目次を挙げておく。「雑誌発刊に就て」(富洋生)には、「院友会の機関雑誌『関西文壇』」とあり、タイトルの「関西文壇」は関西地方における文壇の意味ではなく、関西学院の健児等がその手腕を試みるべき文壇との意味だともある。『関西学院百年史通史編1』(関西学院、平成8年5月)を見ると、院友会は現職員・旧職員・在学生により組織され、雑誌部、陸上運動部、海上運動部に分かれ、雑誌部が『関西学報』の編集・発行を担当した。同誌は、『関西文壇』(1~7号)を改称したものであった。
巻頭に「発刊の辞」を書いた蘆田教授は、蘆田慶治である。ネットで読める『関西学院事典(増補改訂版)』によると、慶應3年生まれ、明治30年関西学院神学部卒で、明治40年当時は神学部で組織神学、哲学などを教えていた。明治42年に同志社神学校へ転じることになる。蘆田は「我が私立関西学院」で面白いことを書いているので、引用しておこう。

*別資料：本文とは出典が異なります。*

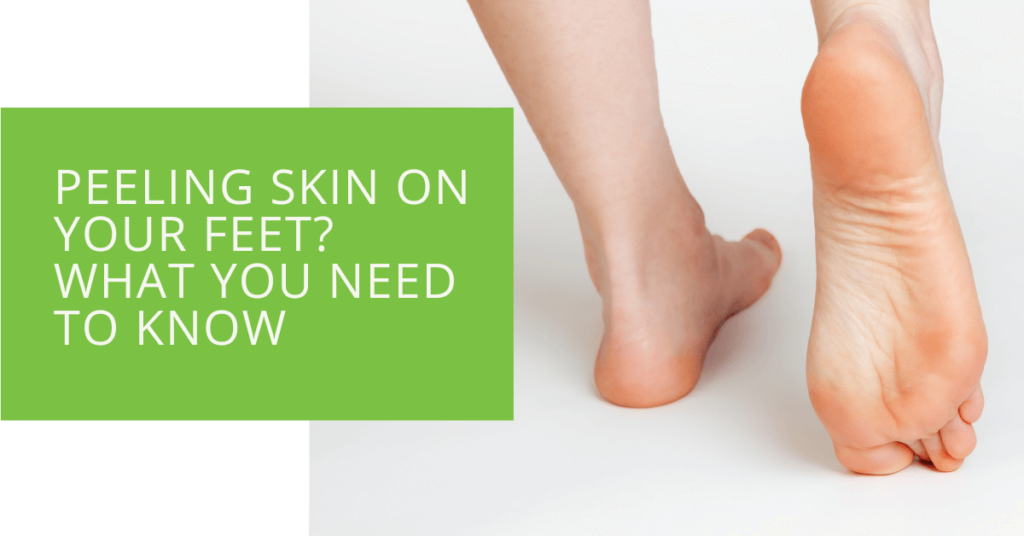 Peeling Skin on Your Feet What You Need to Know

(略)所謂『空想に煩悶する者』の多く青年学生間に出づるは、蓋し教育と宗教(前に陳べたる如き純粋の意味に於る宗教)とを全然分離せんとしたる教育法の余弊なるにあらざるか。(略)近年東京帝国大学ー其哲学倫理思想に於ては著るしくコムト流積極論的傾向を有する帝国大学の一講座より実験科学を超越したる『神秘』を唱道する者の起りたるが如き、或は頃日、加藤、井上等の諸博士が孔子祭典会なる者を組織し汎く会員を募集せんとするが如き、即ち人心の要求を示し、時代思想の傾向を示すものにして(略)

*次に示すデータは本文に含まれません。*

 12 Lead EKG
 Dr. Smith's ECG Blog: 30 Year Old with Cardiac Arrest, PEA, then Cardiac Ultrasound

「実験科学を超越したる『神秘』を唱道する者」とは、福来友吉ではないとして誰だろうか。
『関西文壇』の「通信」欄にはOBからの近況報告が載っている。筆頭は、久留島武彦である。出社すると母校から近況報告を求める来信が来ていて、取りあえず序論だけ送ることにしたという。2号以降にも久留島の報告が載っているのだろうか。
勢家肇『久留島武彦・年譜:童話の先覚者日本のアンデルセン』(勢家肇・わらべの館久留島記念室、昭和61年1月)によると、明治23年大分中学校3学年の時に英語教師ウェンライトが関西学院創立に際して転勤。誘われた久留島は、関西学院普通学部へ転校した。明治27年*2推薦卒業。明治37年から東京の中央新聞社に勤め、子供向け週刊新聞『ホーム』(明治39年創刊)を編集していた。明治39年からは『少年世界』(博文館)の編集も行っていた。勢家の年譜によると、久留島は大正4年に奈良市あやめ池在住*3の俳人橋本多佳子を毎日新聞社西野奈良支局長、九十九豊勝(黄人)と共に訪問している。また、昭和59年勢家が九十九を訪問した際に橋本邸訪問時には巖谷小波も同行したと聞き取っている。